PRESIDIO ALL’AEROPORTO DI FCO dalle ore 10,00Terminal T1 – Partenze (davanti porta 5)

TUTTI D’ACCORDO SE IL CONTO LO PAGANO LAVORATORI E CITTADINI Mentre ancora per Alitalia il salvataggio è tutt’altro che assicurato ed il rilancio resta una chimera, nonostante le vane rassicurazioni, sono poche le cose su cui FS, Delta e Atlantia sembrano trovare la quadra: LICENZIAMENTI, RIDIMENSIONAMENTO e, soprattutto, RICHIESTA DI NUOVO
FINANZIAMENTO PUBBLICO.
Anche Lufthansa, rimasta finora a guardare, essendo da sempre intenzionata a mettere le mani sul mercato del trasporto aereo italiano, ha ribadito il suo interessamento e la sua disponibilità, anche economica, a rilevare quanto resta della Compagnia di Bandiera italiana imponendo TAGLI, RIDIMENSIONAMENTO e una DIMINUZIONE DELLA PARTECIPAZIONE PUBBLICA in AZ.
UN PERICOLOSO SILENZIO
Le bocche restano cucite nonostante siano in tanti a sapere quanto bolle in pentola (sindacati, politici e rappresentanti istituzionali): come è già successo nel 2008 e nel 2014 IL SILENZIO È ASSORDANTE E DEVE IMMEDIATAMENTE ESSERE INTERROTTO DA UNA CATEGORIA CHE NON PUÒ CONTINUARE AD ASSISTERE IMMOBILE ALLA MATTANZA.

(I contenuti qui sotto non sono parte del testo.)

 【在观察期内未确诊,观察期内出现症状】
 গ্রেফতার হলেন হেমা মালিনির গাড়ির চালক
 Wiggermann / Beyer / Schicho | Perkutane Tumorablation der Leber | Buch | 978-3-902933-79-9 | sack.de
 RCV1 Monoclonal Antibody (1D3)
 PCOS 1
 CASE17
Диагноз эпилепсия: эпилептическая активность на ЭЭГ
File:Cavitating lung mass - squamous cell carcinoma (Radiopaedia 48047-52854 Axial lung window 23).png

TAGLI E SOLDI PUBBLICI: LA SOLITA RICETTA
Ciò che Atlantia e FS pretendono, per considerare (...dopo 2 anni stiamo ancora così!) l’ipotesi di formulare una proposta di acquisto vincolante di Alitalia, lo hanno chiarito sia nei comunicati stampa diramati il 15.10.2019, sia nelle lettere trasmesse ai Commissari Straordinari AZ:
inequivocabile la richiesta di finanziamento pubblico, ulteriori ammortizzatori sociali e un intervento nei confronti della UE per evitare le procedure di infrazione.

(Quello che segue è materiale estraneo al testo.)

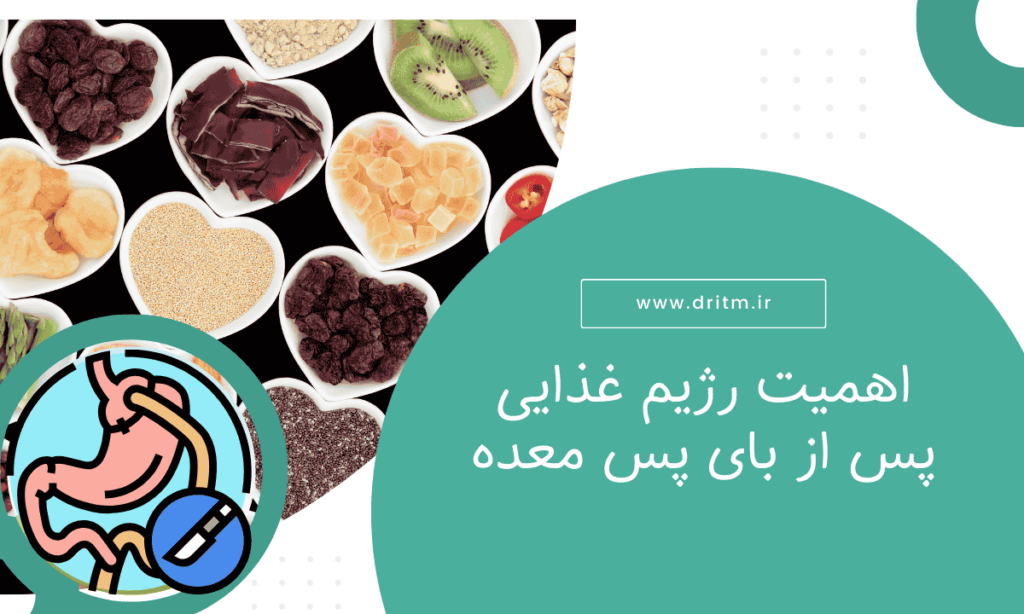 اهمیت رژیم غذایی پس از بای پس معده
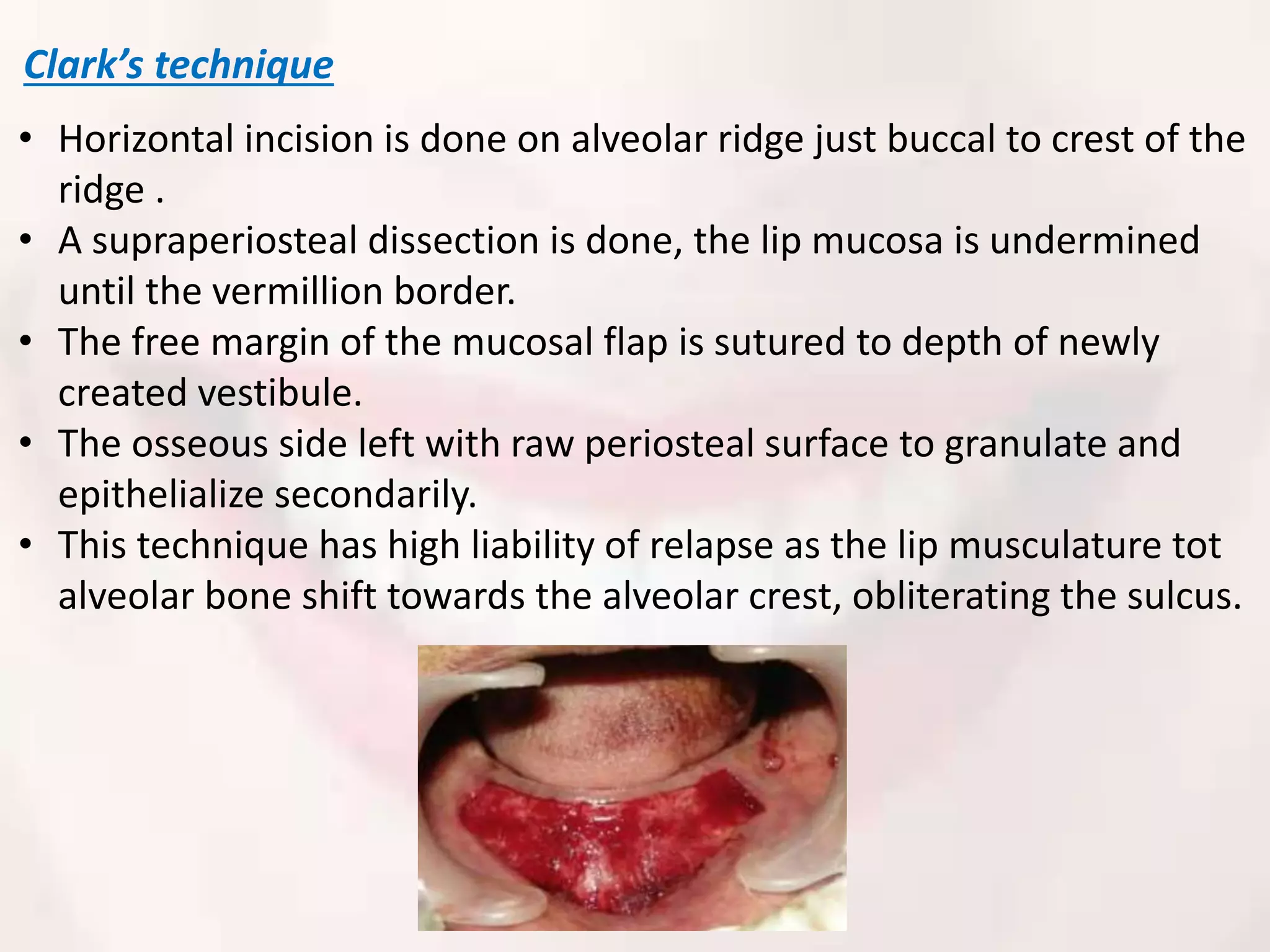 Periodontal plastic and esthetic surgery | PPTX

LIBERISTI CON IL PORTAFOGLIO DEI CONTRIBUENTI
La pretesa dei “liberisti con i soldi pubblici” è stata subito accontentata dal Ministro Patuanelli che solo 2 settimane prima aveva assicurato che non ci sarebbe stato un ulteriore rinvio alla scadenza fissata del 15.10.2019 e non ci sarebbero stati ulteriori finanziamenti da parte del Governo.
LE BUGIE VENGONO A GALLA
La scelta del Governo di rimpinguare le svuotate casse AZ è stata necessaria per non lasciar finire la Compagnia di Bandiera in liquidazione nonostante la ipocrita litania del “tutto a posto Madama la marchesa” ininterrottamente proferita dai Gubitosiboys e mai contestata da quei sindacati che si sono lasciati appagare da accordi sulle agibilità, costati finora oltre 30 mln di euro alle casse di Alitalia in A.S. (...ne riparleremo!).

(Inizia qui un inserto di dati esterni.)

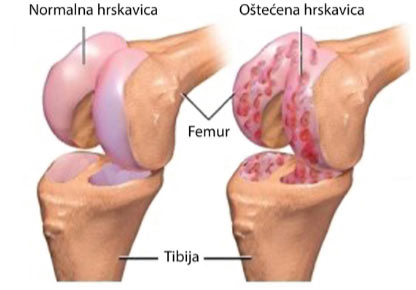 bol sa strane zgloba koljena s unutarnje strane)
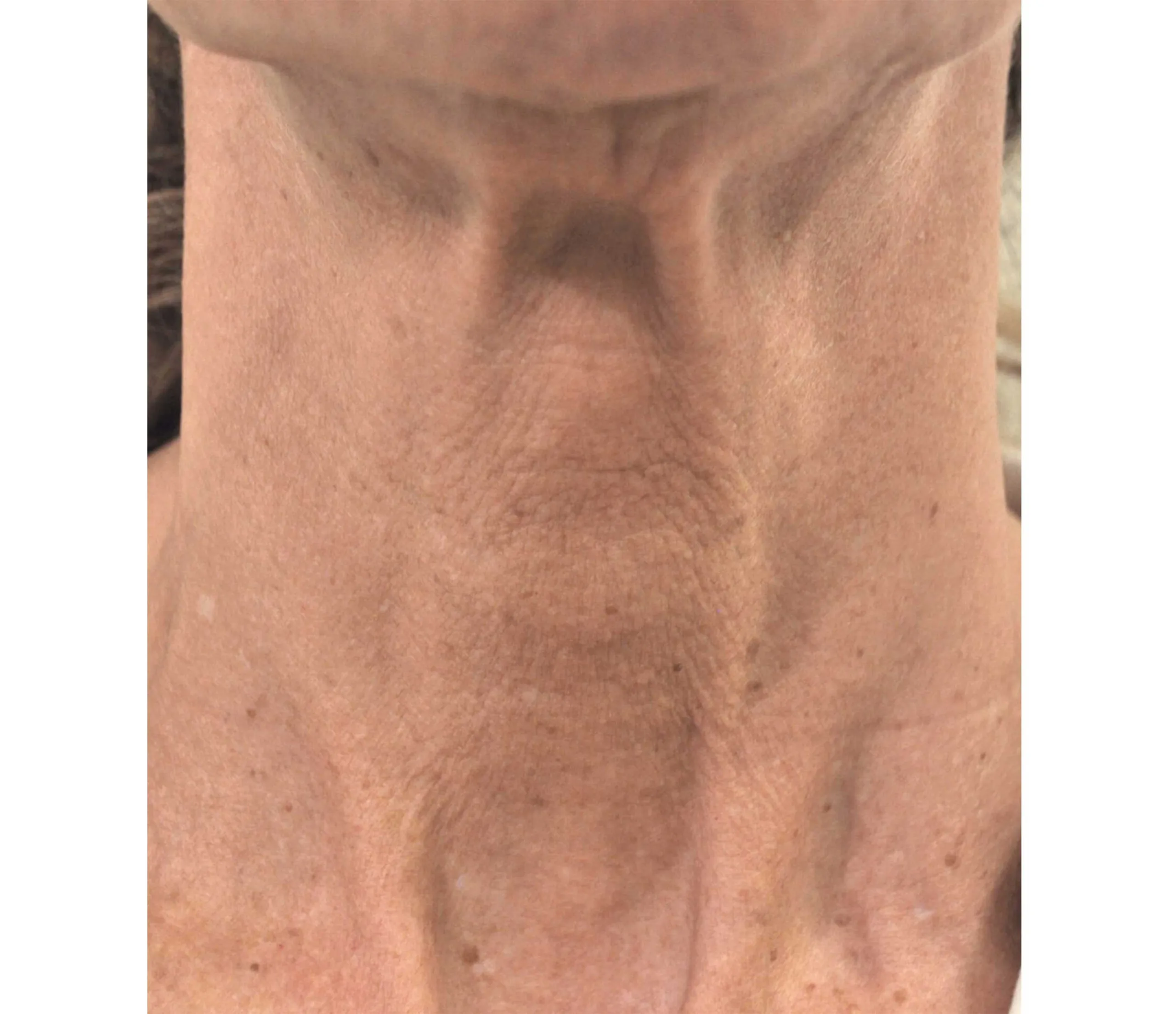 Before result image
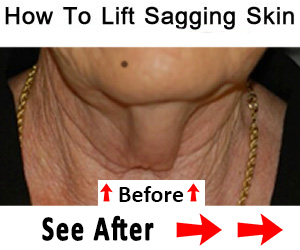 Doctor: How To Lift A Saggy Neck and Arms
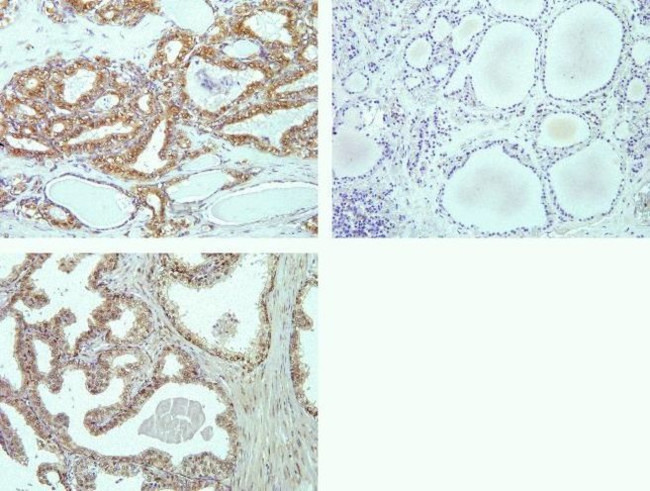 Phospho-MNK1 (Thr197, Thr202) Antibody in Immunohistochemistry (Paraffin) (IHC (P))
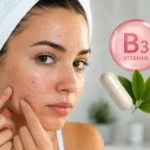Niacina o vitamina B3 para piel grasa y acné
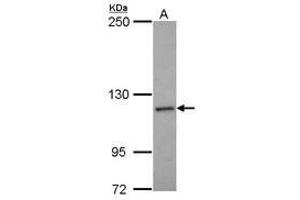 Image no. 2 for anti-NCK Associated Protein 1 (NCKAP1) (N-Term) antibody (ABIN1494055)
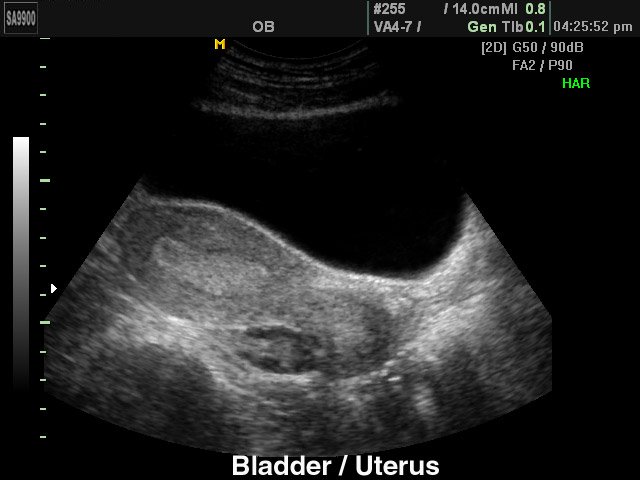 Матка и мочевой пузырь, B-режим (эхограмма №190)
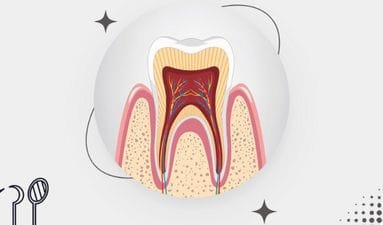 Dental Pain?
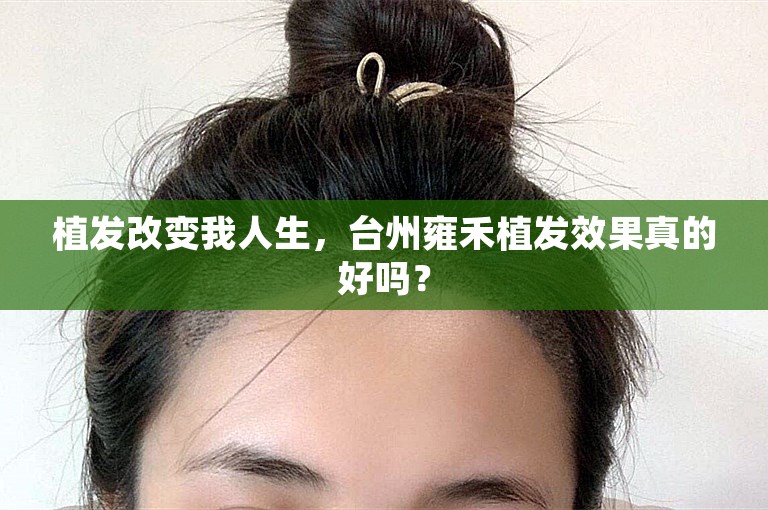 植发改变我人生，台州雍禾植发效果真的好吗？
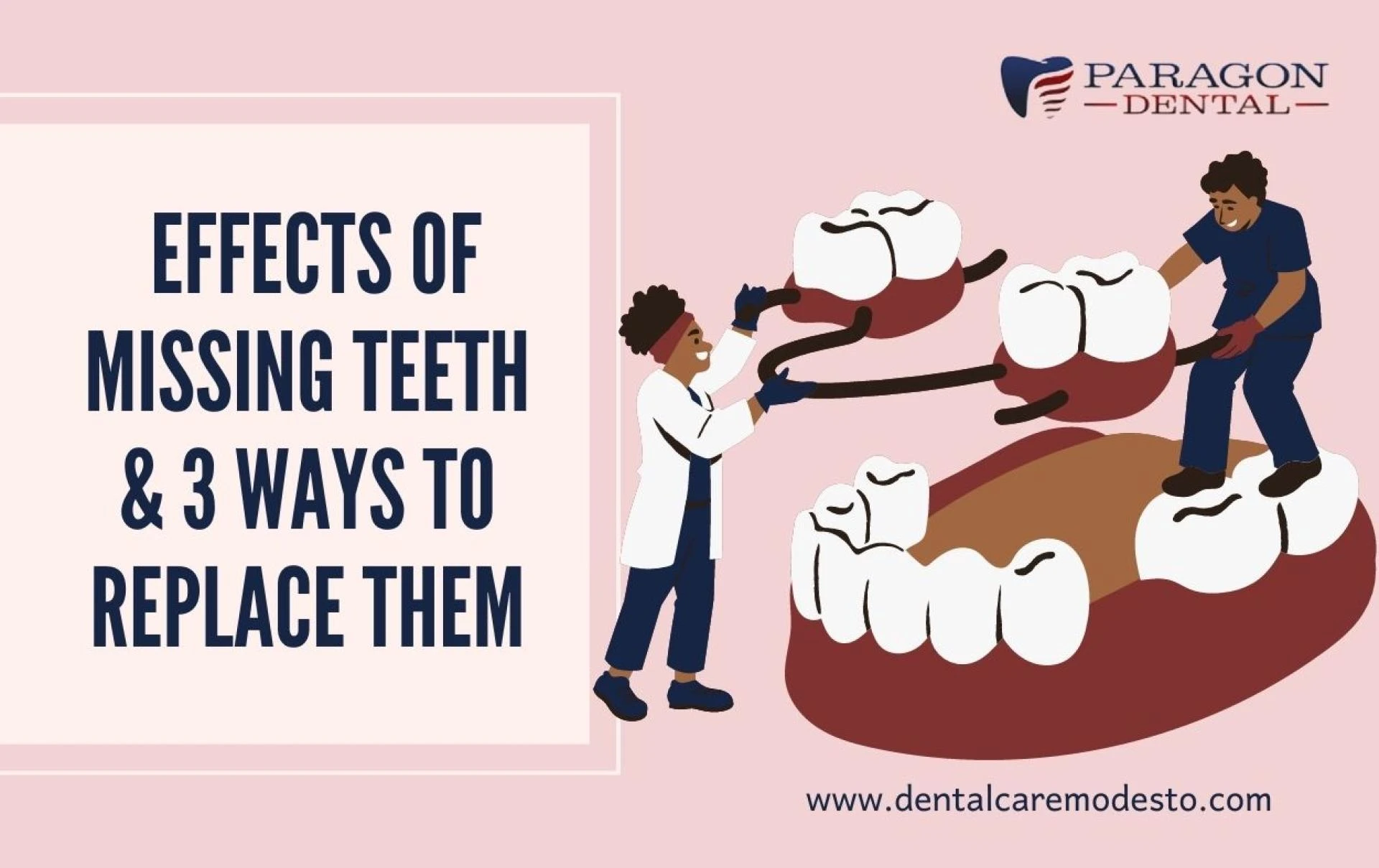 Effect of Missing Teeth &amp; 3 Ways to Replace Them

NON FATE GESTIRE ALTRI SOLDI A CHI HA FALLITO
E’ davvero inaccettabile che tale ulteriore iniezione di denaro sia lasciata gestire a chi finora, senza neppure realizzare quel risanamento sbandierato, ha speso oltre 900 mln di euro pubblici, altre centinaia di mln di euro di biglietti incassati e non volati ed una pioggia di aiutini, come la Cigs ingiustificata e la mancata contribuzione per il personale di volo ed è pure riuscito ad
accumulare altri centinaia di mln di euro di debiti da pagare ai fornitori.

DENARO PUBBLICO PER FAVORIRE INTERESSI PRIVATI
E’, maggiormente, inconcepibile che tale denaro sia, di fatto, utilizzato per spianare l’ingresso in AZ di privati, tutt’altro che interessati al salvataggio di Alitalia ma motivati da interessi trasversali che nulla hanno a che vedere con il rilancio della Compagnia di Bandiera italiana.
CHI PAGA DECIDE: ALLO STATO L’ONERE E L’ONORE
Sarebbe ora che chi paga fosse chiamato a decidere e restasse libero di disporre gli interventi necessari a salvaguardia dell’interesse collettivo: tutela occupazionale, difesa dei salari e dei diritti, sviluppo di una compagnia in grado di esercitare un ruolo in un settore strategico ed in continua crescita nel nostro Paese.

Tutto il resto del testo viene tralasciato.